WORK INSTRUCTION:
Write out exactly, and only, the lines below from the line with "Suzani Embroidered Quilt" through the line with "LOT 2x Chaise"; pictures do not belong in the copy.

DATASET RECORDS:
:::::
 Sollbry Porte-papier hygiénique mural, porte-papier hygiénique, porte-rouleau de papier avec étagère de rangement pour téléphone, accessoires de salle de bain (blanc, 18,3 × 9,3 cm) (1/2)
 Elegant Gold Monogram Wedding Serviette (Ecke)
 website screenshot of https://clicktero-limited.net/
:::::
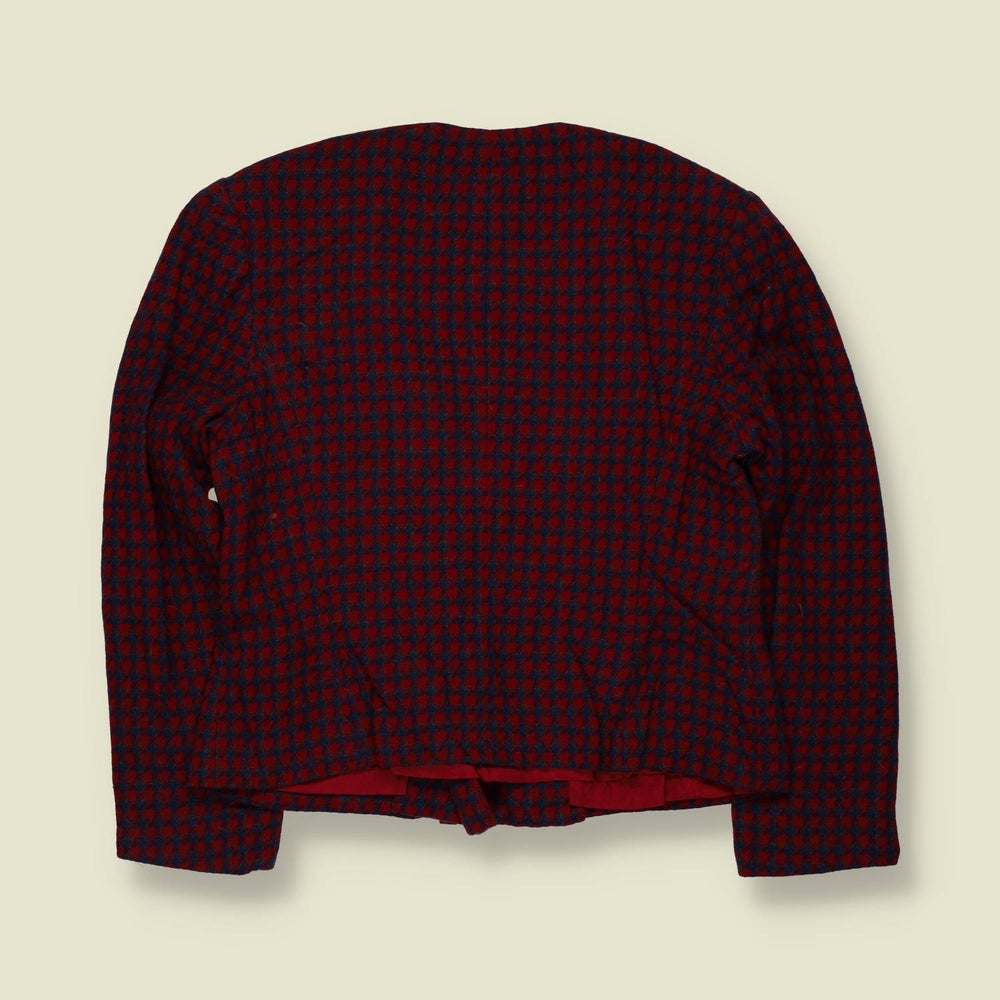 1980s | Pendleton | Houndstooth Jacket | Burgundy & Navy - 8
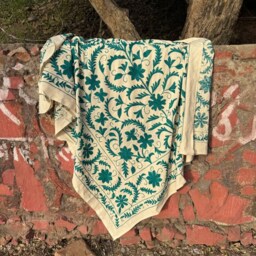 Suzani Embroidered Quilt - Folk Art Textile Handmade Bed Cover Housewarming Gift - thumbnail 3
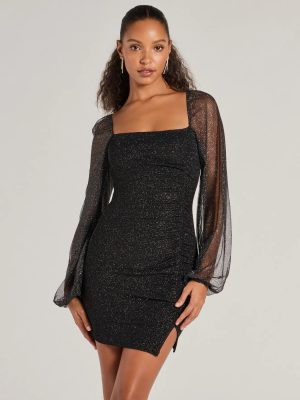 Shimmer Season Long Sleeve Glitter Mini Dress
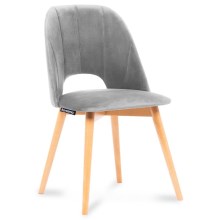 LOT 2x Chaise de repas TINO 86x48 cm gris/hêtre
:::::
EXERCISE RESPONSE:
 Suzani Embroidered Quilt - Folk Art Textile Handmade Bed Cover Housewarming Gift - thumbnail 3
 Shimmer Season Long Sleeve Glitter Mini Dress
 LOT 2x Chaise de repas TINO 86x48 cm gris/hêtre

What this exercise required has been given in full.